» **Required action**:
Quote, without any change, the line that contains "Magnetic Black /" and all lines that follow it to the end of the data below.

» **Supplied information**:
┄┄┄┄┄┄┄┄┄┄

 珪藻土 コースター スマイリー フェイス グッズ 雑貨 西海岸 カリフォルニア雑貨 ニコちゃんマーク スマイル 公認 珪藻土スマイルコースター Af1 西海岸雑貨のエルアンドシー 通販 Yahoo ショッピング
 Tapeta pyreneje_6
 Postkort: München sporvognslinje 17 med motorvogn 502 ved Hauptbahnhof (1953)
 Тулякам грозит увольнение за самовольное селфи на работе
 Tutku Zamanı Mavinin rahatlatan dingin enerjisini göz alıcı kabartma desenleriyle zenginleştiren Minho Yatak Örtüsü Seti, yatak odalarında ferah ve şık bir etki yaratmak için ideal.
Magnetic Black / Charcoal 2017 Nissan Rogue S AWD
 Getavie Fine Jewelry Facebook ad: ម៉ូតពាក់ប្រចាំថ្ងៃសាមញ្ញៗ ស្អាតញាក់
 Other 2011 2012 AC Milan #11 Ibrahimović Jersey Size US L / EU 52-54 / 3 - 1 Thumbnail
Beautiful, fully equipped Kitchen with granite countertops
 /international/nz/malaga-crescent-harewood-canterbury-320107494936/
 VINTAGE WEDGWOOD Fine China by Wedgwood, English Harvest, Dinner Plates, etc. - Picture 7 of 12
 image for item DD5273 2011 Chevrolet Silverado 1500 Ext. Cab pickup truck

┄┄┄┄┄┄┄┄┄┄

» **Your response**:
Magnetic Black / Charcoal 2017 Nissan Rogue S AWD
 Getavie Fine Jewelry Facebook ad: ម៉ូតពាក់ប្រចាំថ្ងៃសាមញ្ញៗ ស្អាតញាក់
 Other 2011 2012 AC Milan #11 Ibrahimović Jersey Size US L / EU 52-54 / 3 - 1 Thumbnail
Beautiful, fully equipped Kitchen with granite countertops
 /international/nz/malaga-crescent-harewood-canterbury-320107494936/
 VINTAGE WEDGWOOD Fine China by Wedgwood, English Harvest, Dinner Plates, etc. - Picture 7 of 12
 image for item DD5273 2011 Chevrolet Silverado 1500 Ext. Cab pickup truck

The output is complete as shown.